校長先生は、そんな固い人じゃないけど、ミニスカでソファーに上品に座るのは難しいのよね。うちの校長は女子の制服の乱れが気になるタイプなのよ。
最近、ネットニュースでは教師の不祥事の話題が増えてるし、ここの高校、若い男の先生も多いからなのかもしれないけど…まあ、校長の気遣いは私的には悪い気はしないわ。
プリーツスカートは裾が乱れやすいから、スパッツがチョロ見えしたりすると上品ではない。こう言うところは最低限、気にしてあげないと。
ついでに、中に誰がいるかも分からない。
PTAとか、お母さんの知り合いとかがいて、なんかあったら面倒。
その予想を確定するように、あやりん…文芸部顧問の彩乃先生は私を軽く睨む。睨むと言うか、なんか、緊張してる。
「八乙女さん、いきますよ。」
いきますよって…誰がいるのか話してよ。
と、言いたかったが、ドアがあく。『ええぃ、ままよっ』なんて、昔の時代劇の台詞を心で叫んで中に入る。

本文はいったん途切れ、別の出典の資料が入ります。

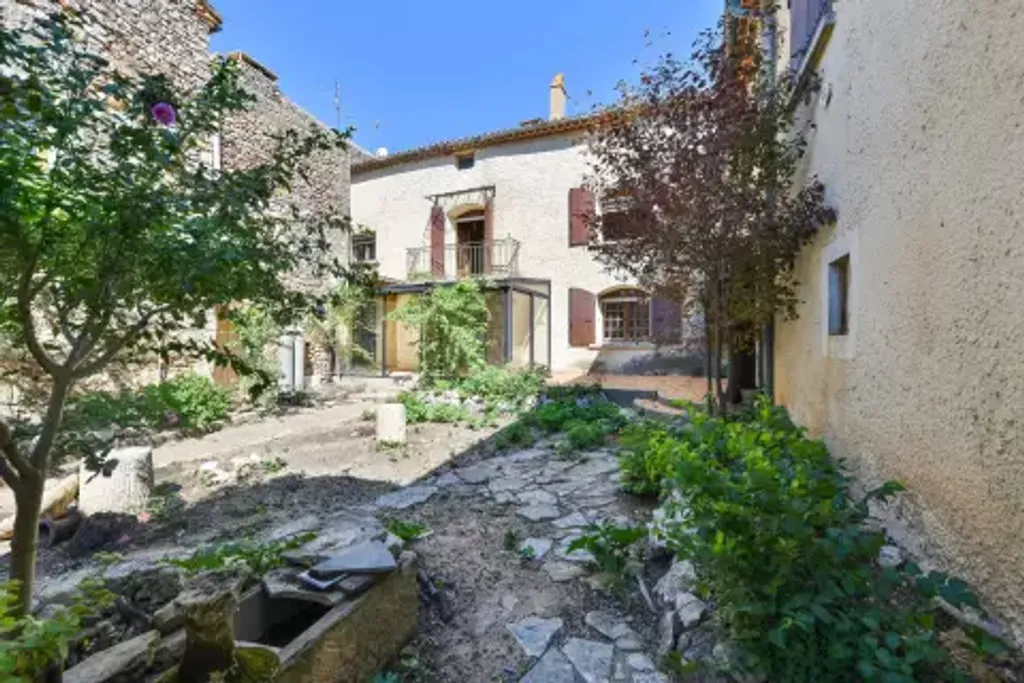 Achat maison à vendre 4 chambres 258 m² - Uzès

頭を下げて、なかを見ると…そこには、なかなか香ばしい面々が座って要らした…
が、ビビったのは私だけではない。
私の中学の後輩2人がピョコンと顔をあげ、私を見たとたん、パブロフの犬のように立ち上がり、スカートの裾を左手で軽くつまみ、片足を引いて上品に西洋風の敬礼を…カテーシーと言うやつを私に向けてやらかした。
私の母校の中学は…ジャンパースカートと丈の短いジャケットの制服なので、スカート丈の平均は長めだ。が、彼女たちはそれより結構長い膝丈20cm。
細身の体にまつわるようにタップリのスカートは、持ち上げられると上品に彼女たちのシルエットに華を添える。
右側の長い黒髪の少女、南紗由理は、日本人形のような美少女で、こういうお嬢様趣味な少女である。
彼女の祖母が、お茶の先生とかしているので、紗由理は甘やかされてお嬢様路線を爆走して育った。
なんか、年配女性に愛され、使えもしないファンタジースキルが高い。
そんな彼女が、こなれた感じで上品にカテーシーなんてやるもんだから、校長先生を含め…私すら、それを見とれるしかなかった。
紗由理は開きかけの寒椿の様な唇で続々するような甘い声で、こう言った。